* Your objective *
Write the entries below out again exactly; any picture in them stays out.

Extracted records
=== Section Start ===

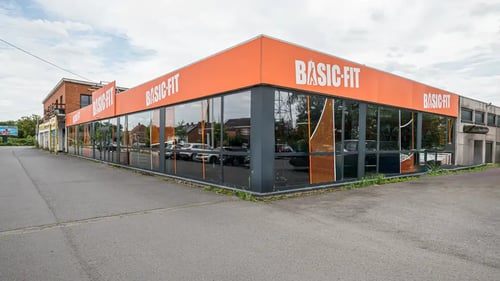 Basic-Fit Mons Ghlin Avenue du Regent 24/7 - front club outside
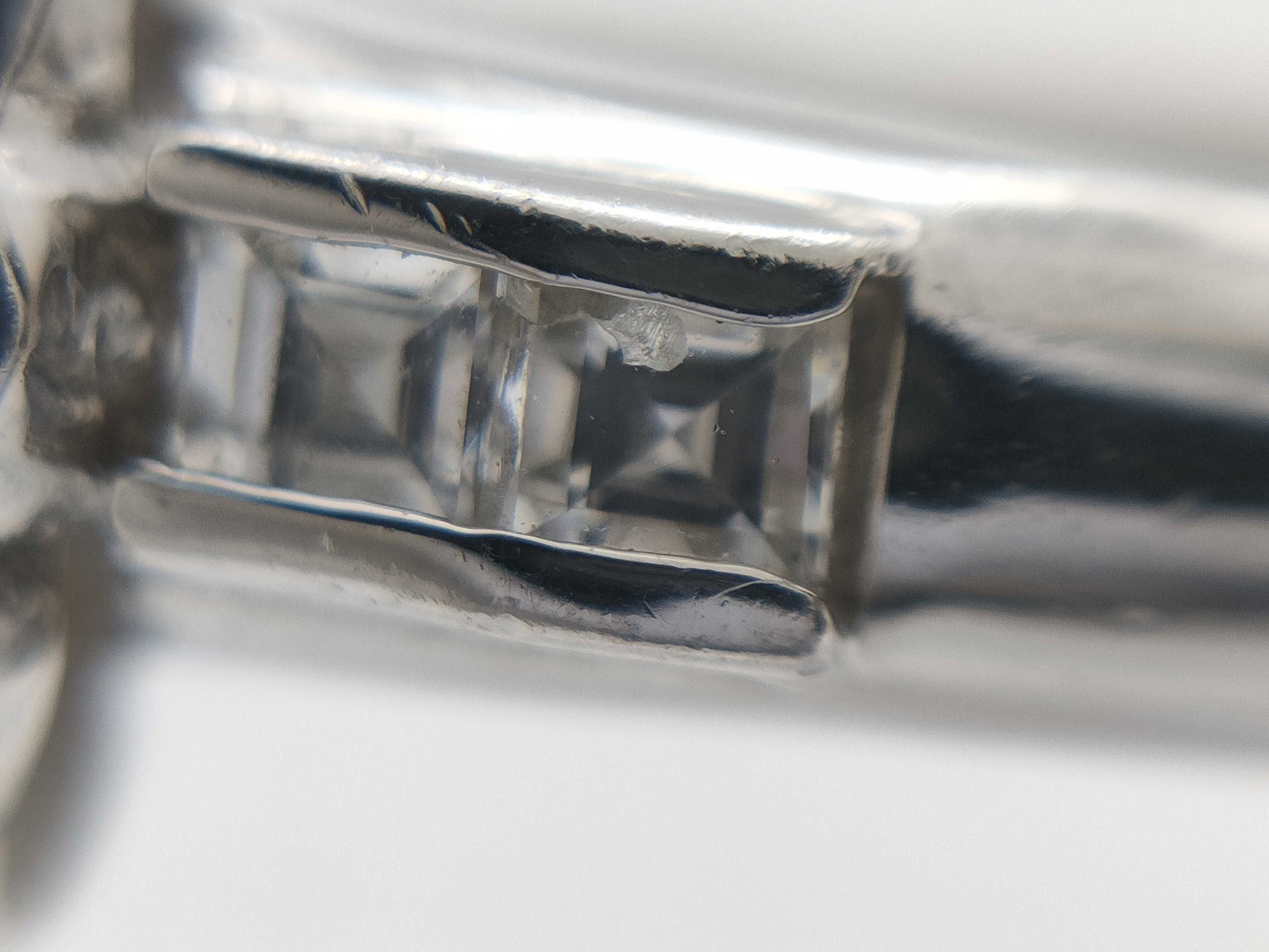OP3.17ct D0.85ct PT900 8.1g Ring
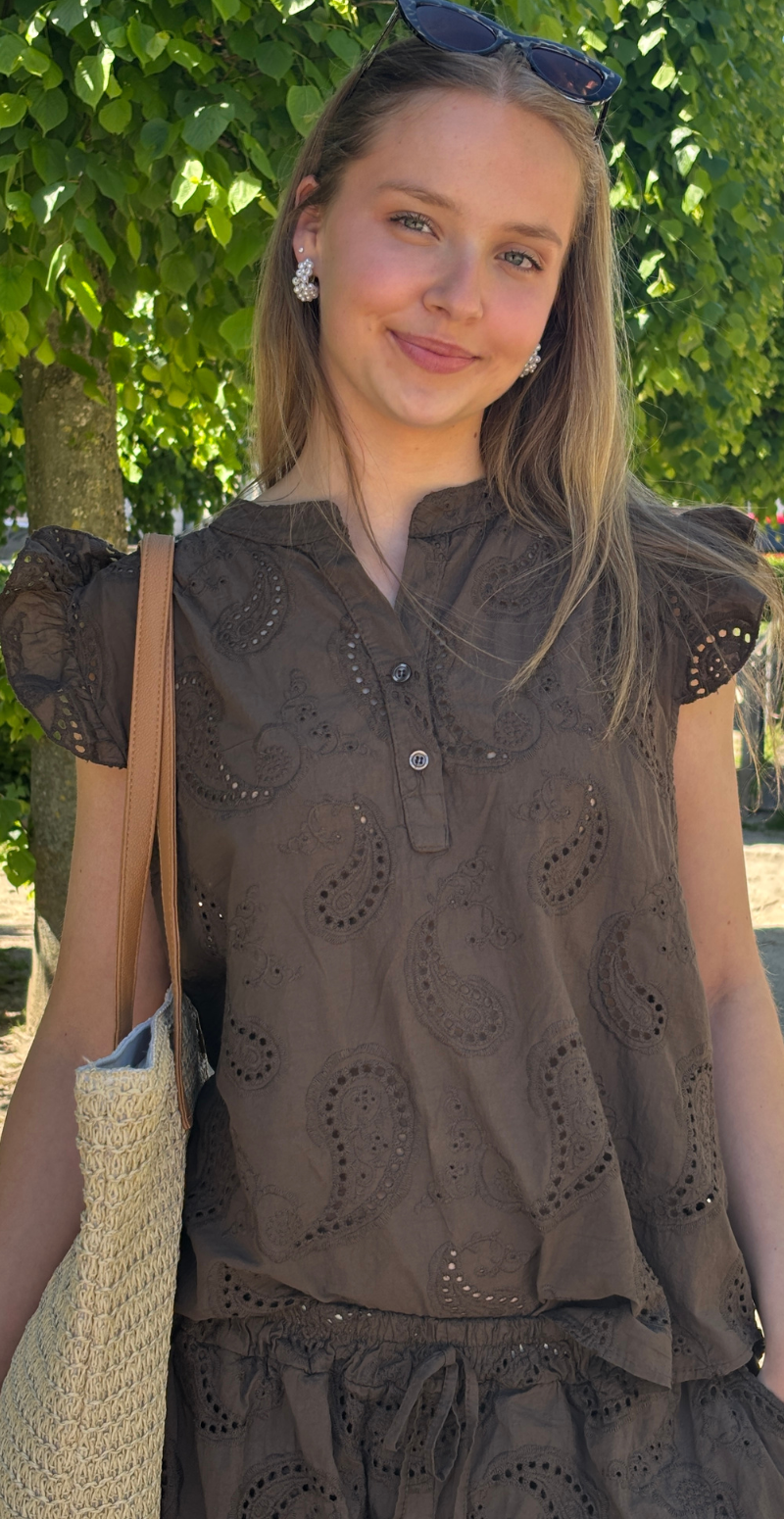 Isobel bluse med broderi anglaise og flæseærmer brun LikeLondon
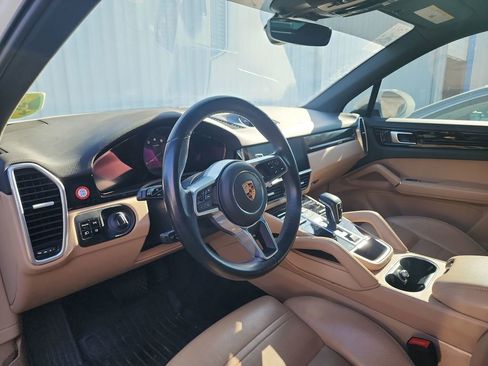 Used 2020 Porsche Cayenne AWD/4WD image 9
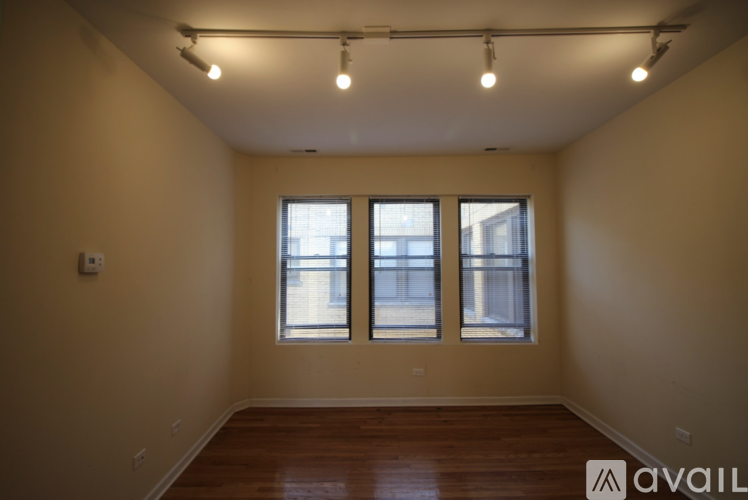 4750 N Sacramento Ave 2 Beds Apartment for Rent - Photo gallery 1
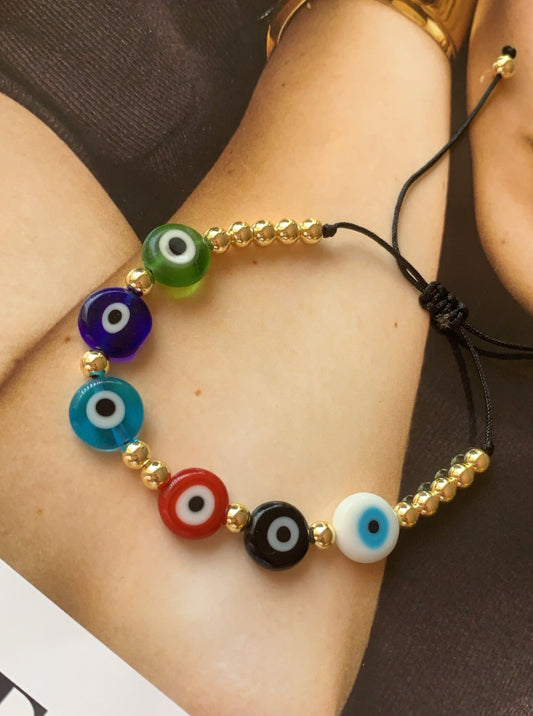 Bracelet réglable Evil Eyes multicolores et perles dorées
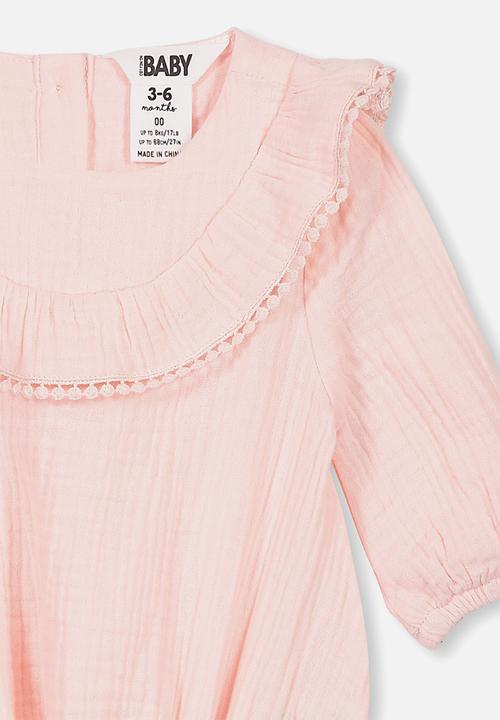 Cotton On - Phoebe long sleeve ruffle bubbysuit - pink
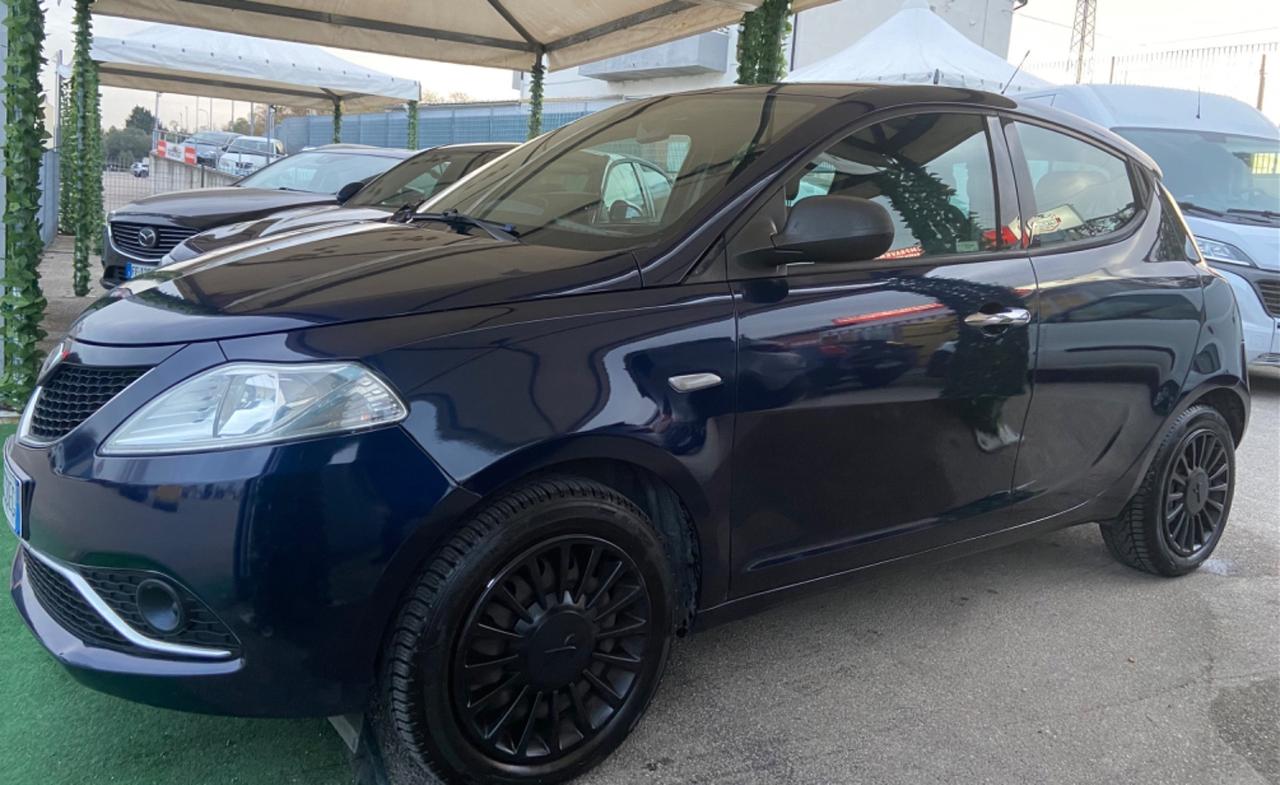 Lancia Ypsilon 1.2 69 CV GPL 11/2017 NUOVA GARANZIA1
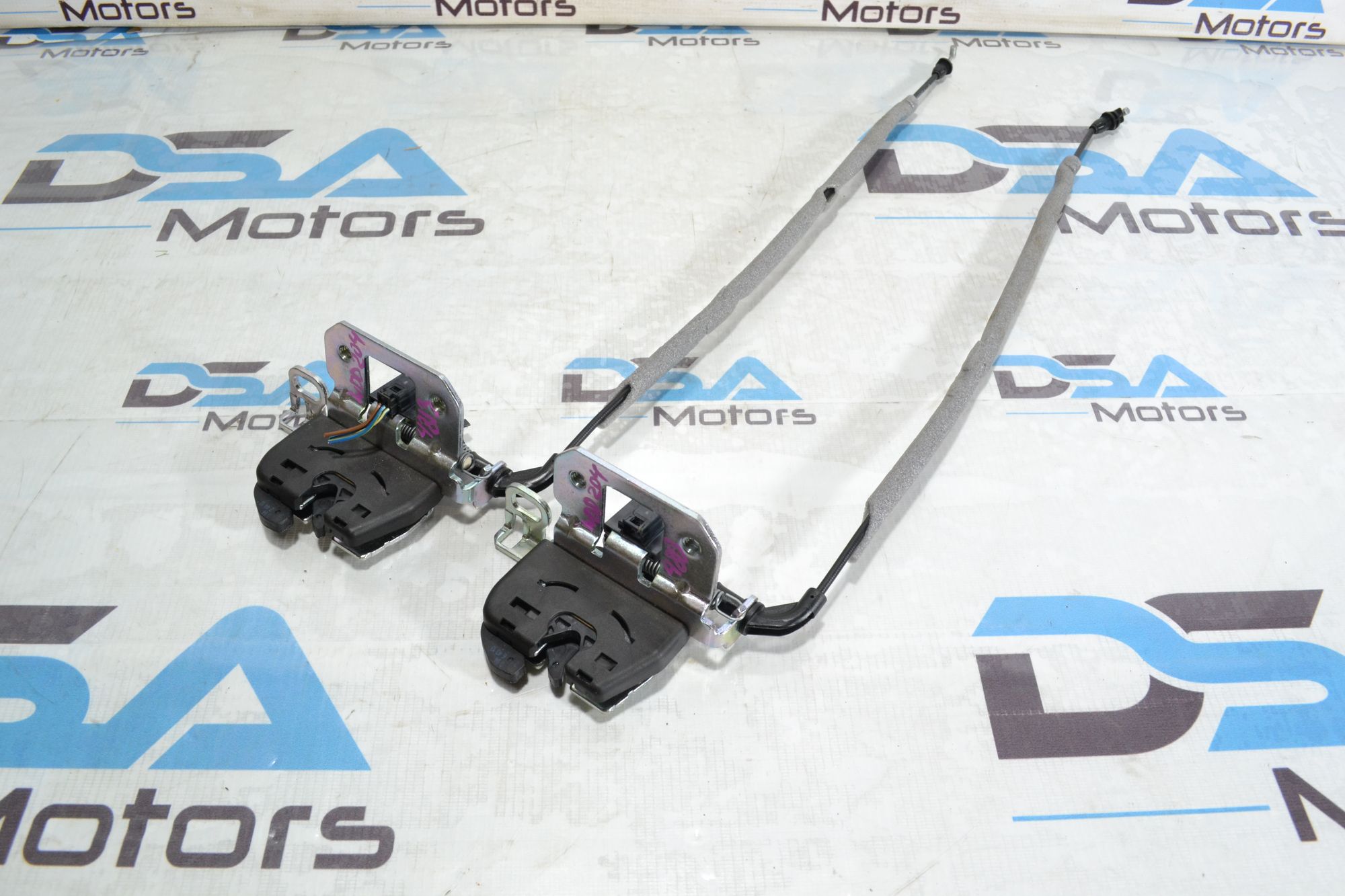 https://ycs.partsauto.market/partsauto-images/thmbs/userImages/b7628e092085f1f91467af1afb6e7630/part/d16ff1e6-cb6e-4f62-b279-10edeca49733_1779454191873.jpg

=== Section End ===

* Output for this task *
 Basic-Fit Mons Ghlin Avenue du Regent 24/7 - front club outside
OP3.17ct D0.85ct PT900 8.1g Ring
 Isobel bluse med broderi anglaise og flæseærmer brun LikeLondon
 Used 2020 Porsche Cayenne AWD/4WD image 9
 4750 N Sacramento Ave 2 Beds Apartment for Rent - Photo gallery 1
 Bracelet réglable Evil Eyes multicolores et perles dorées
 Cotton On - Phoebe long sleeve ruffle bubbysuit - pink
 Lancia Ypsilon 1.2 69 CV GPL 11/2017 NUOVA GARANZIA1
 https://ycs.partsauto.market/partsauto-images/thmbs/userImages/b7628e092085f1f91467af1afb6e7630/part/d16ff1e6-cb6e-4f62-b279-10edeca49733_1779454191873.jpg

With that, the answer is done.